Reproduce the whole listing below without its pictures, exactly as written.

== PROVIDED MATERIAL ==
______

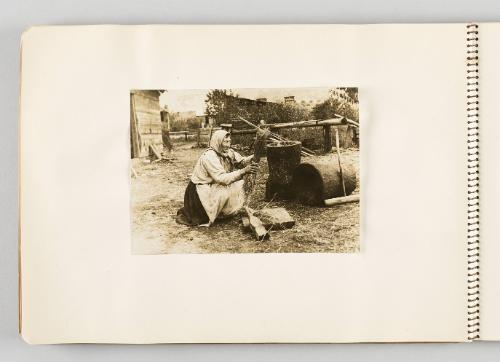 [Woman in headscarf squatting and holding bundle of straw, page 30 of The Doukhobors I album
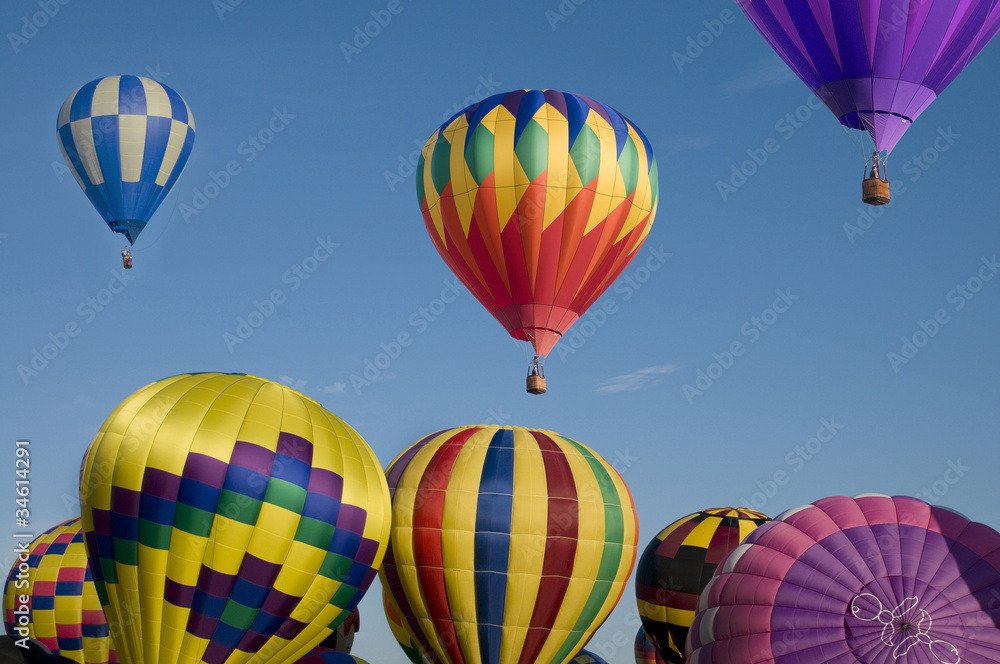 Fototapeta premium Hot-air balloon ascending over others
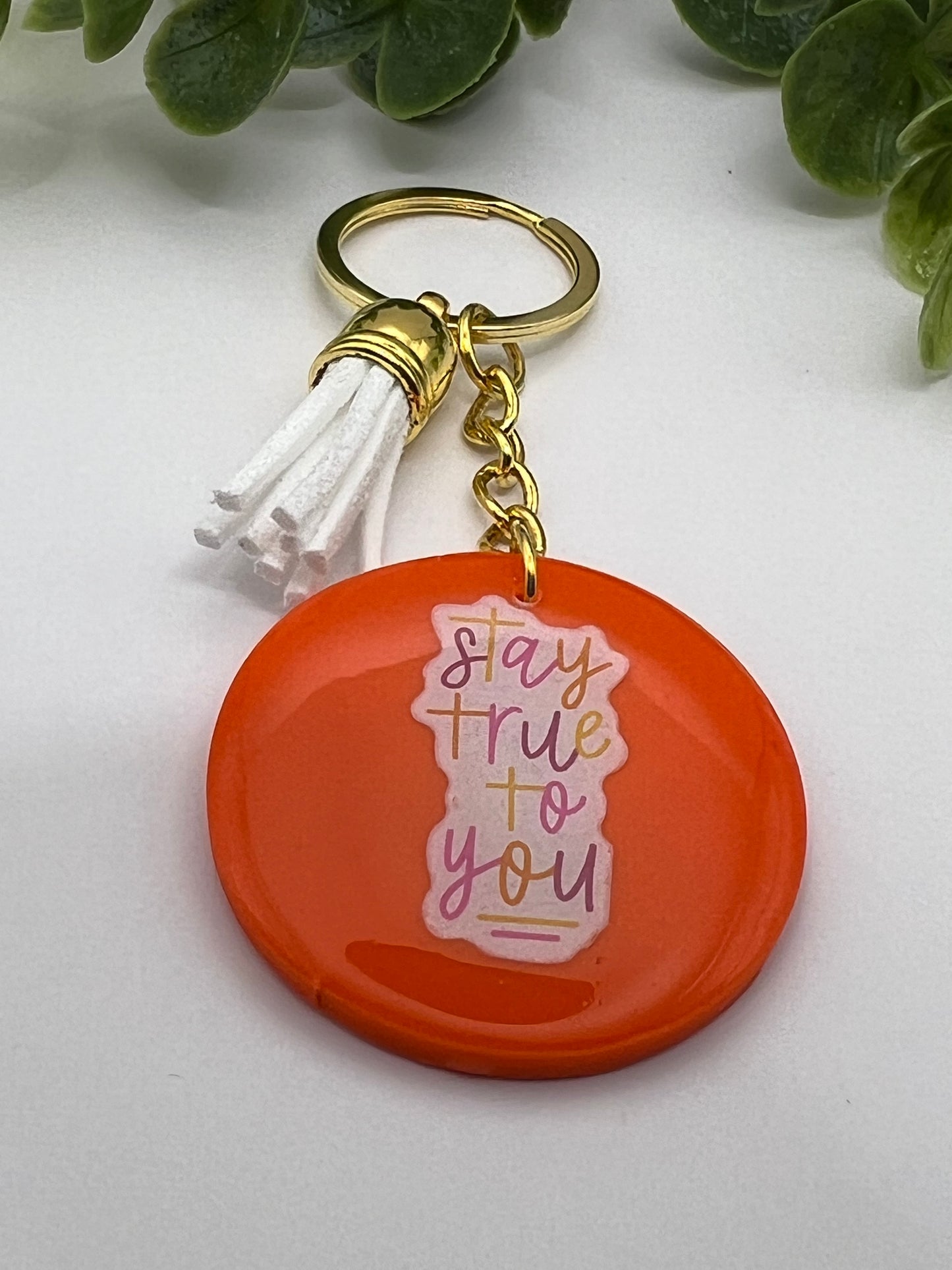 Bright orange ”true” keychain w/ tassel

______

== COMPLETED TASK ==
 [Woman in headscarf squatting and holding bundle of straw, page 30 of The Doukhobors I album
 Fototapeta premium Hot-air balloon ascending over others
 Bright orange ”true” keychain w/ tassel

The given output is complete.